**Dataset section:**
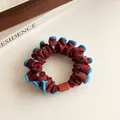 Polka dot hair scrunchie in dark red with blue wavy edges and square accent - Brick Red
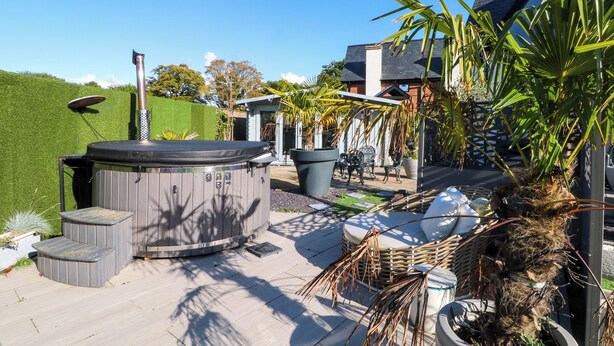 Un jacuzzi, mobiliario exterior y una planta en maceta en un patio trasero.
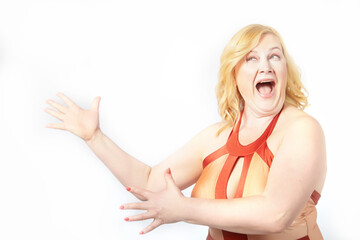 Funny cute mature adult woman with blonde hair in a swimsuit on a white background. Fat middle-aged lady poses in underwear in studio. The concept of body positivity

**Task instructions:** The listing above must be repeated exactly, apart from the pictures.

**Response area:**
 Polka dot hair scrunchie in dark red with blue wavy edges and square accent - Brick Red
 Un jacuzzi, mobiliario exterior y una planta en maceta en un patio trasero.
 Funny cute mature adult woman with blonde hair in a swimsuit on a white background. Fat middle-aged lady poses in underwear in studio. The concept of body positivity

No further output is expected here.